Istruzione professionale: attenzione amichevole?
Forse è troppa l’attenzione del ministero per l’istruzione professionale…
Che l’istruzione professionale insieme a quella tecnica fosse nell’occhio del ciclone con le leggi Moratti se ne sono accorti subito tutti. D’altra parte non è un caso che un settore scolastico che aveva un trend di crescita costante negli ultimi vent’anni in termini di iscrizioni abbia avuto all’improvviso una inversione di tendenza passando in pochi anni dal 22-23% dell’utenza quattordicenne al 19-20%.
Sapendo bene di che pasta è fatta l’utenza del professionale è un po’ difficile che, come è successo all’istruzione tecnica, questa si sia riorientata verso i licei classici e scientifici: è più probabile che in previsione dell’abolizione del carattere scolastico del settore (passaggio alle regioni, fusione con la formazione professionale ecc.) o si sia spostata sugli istituti tecnici confidando nella loro sopravvivenza in versione liceo tecnologico (nel qual caso l’emorragia dei tecnici verso i licei sarebbe persino più vistosa di quella visibile) osi sia lasciata sedurre dalla “via facile” dei percorsi triennali (nel qual caso i ragazzi sottratti alla strada tanto decantati dalla Moratti sarebbero stati in realtà sottratti in buona parte all’istruzione professionale).
Naturale quindi che il dissenso verso le leggi Moratti fosse molto alto tra i docenti di questi settori scolastici e che, al contrario, il nuovo governo si sia prefisso l’obiettivo di dare di sé un’immagine più benevola e amichevole verso di essi. Obiettivo in merito al quale non sono mancate esplicite dichiarazioni.
Se non che questa attenzione si è tradotta in alcuni discutibili atti.
In primo luogo nel disegno di legge di riforma degli esami di maturità si è introdotta la possibilità di una seconda prova “lunga” ( su più giorni) e laboratoriale. E fin qui niente da dire.
Successivamente, però, mentre si sottraevano all’INVALSI le competenze sulla terza prova di valutazione nazionale, si sosteneva che per i tecnici e i professionali l’INVALSI avrebbe provveduto a offrire prove, anche se non rivolte ad una valutazione scolastica, ma come una sorta di contributo a prove laboratoriali o comunque simulanti processi produttivi, continuando però a parlare di terza prova e non di seconda. Con una tale approssimazione è logico che i dubbi interpretativi oscillino tra una prova di valutazione e una confusione tra seconda e terza prova.

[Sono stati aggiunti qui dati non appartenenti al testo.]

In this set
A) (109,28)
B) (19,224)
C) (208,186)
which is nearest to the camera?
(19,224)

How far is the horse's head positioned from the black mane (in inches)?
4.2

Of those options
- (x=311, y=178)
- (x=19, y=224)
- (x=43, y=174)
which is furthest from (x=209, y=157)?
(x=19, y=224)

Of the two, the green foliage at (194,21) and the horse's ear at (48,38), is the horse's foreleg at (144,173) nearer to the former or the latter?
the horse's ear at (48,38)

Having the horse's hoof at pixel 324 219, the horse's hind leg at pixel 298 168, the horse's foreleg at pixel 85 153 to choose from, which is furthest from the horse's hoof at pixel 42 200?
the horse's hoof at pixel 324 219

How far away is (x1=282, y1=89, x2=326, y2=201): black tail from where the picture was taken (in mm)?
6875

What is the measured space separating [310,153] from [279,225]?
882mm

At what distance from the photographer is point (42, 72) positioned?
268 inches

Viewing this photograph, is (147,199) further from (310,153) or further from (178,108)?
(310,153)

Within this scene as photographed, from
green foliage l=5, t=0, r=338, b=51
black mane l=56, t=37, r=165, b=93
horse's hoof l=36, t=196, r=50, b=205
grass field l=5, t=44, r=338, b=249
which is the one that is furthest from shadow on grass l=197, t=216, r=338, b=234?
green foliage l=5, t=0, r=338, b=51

Poi è stata la volta della finanziaria: qui, prendendo a cuore i pesanti carichi di studio degli studenti del professionale ( 40 ore settimanali), si parla di riduzione dei carichi orari di lezione da 40 a 36 ore, ma non si precisa se questa riduzione riguarda solo gli studenti o anche le cattedre degli insegnanti. Lo si precisa però nei commenti tecnici allegati al testo dove si presume che la riduzione produrrà un calo di quasi 1455 insegnanti nei primi due anni del professionale. Dunque nessuna illusione che le ore tolte agli alunni corrispondano solo a un calo di frontalità e all’aumento di spazi per l’individualizzazione dell’apprendimento: una cosa simile non la si può certo pretendere da una “riforma” fatta in finanziaria, perdiana!
Di tagli dunque si tratta. Per far fronte alle obiezioni su questi tagli il Ministro Fioroni ha ricordato, in una intervista sul Messaggero di lunedì 23 ottobre, che se da un lato c’è questa riduzione, dall’altro c’è l’aumentodi organico determinato dall’obbligo scolastico che dovrebbe portare altrettanti e forse più posti. Lasciando a parte il fatto che la somma algebrica non funziona in didattica, essa tutt’al più funzionerebbe solo sul piano dell’occupabilità, soprattutto pensando che proprio il settore professionale, settore degli “ultimi” per antonomasia, sarebbe sicuramente il più beneficiato dall’innalzamento dell’obbligo scolastico.
Se non che l’istruzione obbligatoria di Fioroni non è l’obbligo scolastico: essa lascia in vita proprio quei percorsi che sono il diretto concorrente dell’istruzione professionale e che si avvalgono nella migliore delle ipotesi solo in parte di docenti di quest’ultima, mentre per lo più sono direttamente gestiti dalla formazione professionale regionale e convenzionata. Insomma neanche algebricamente parlando questi tagli saranno facilmente recuperabili: i conti non tornano, e neanche gli insegnanti!
A questo punto che potrebbe dire un docente del professionale?
“Dagli amici mi salvi Iddio che dai nemici mi guardo io!”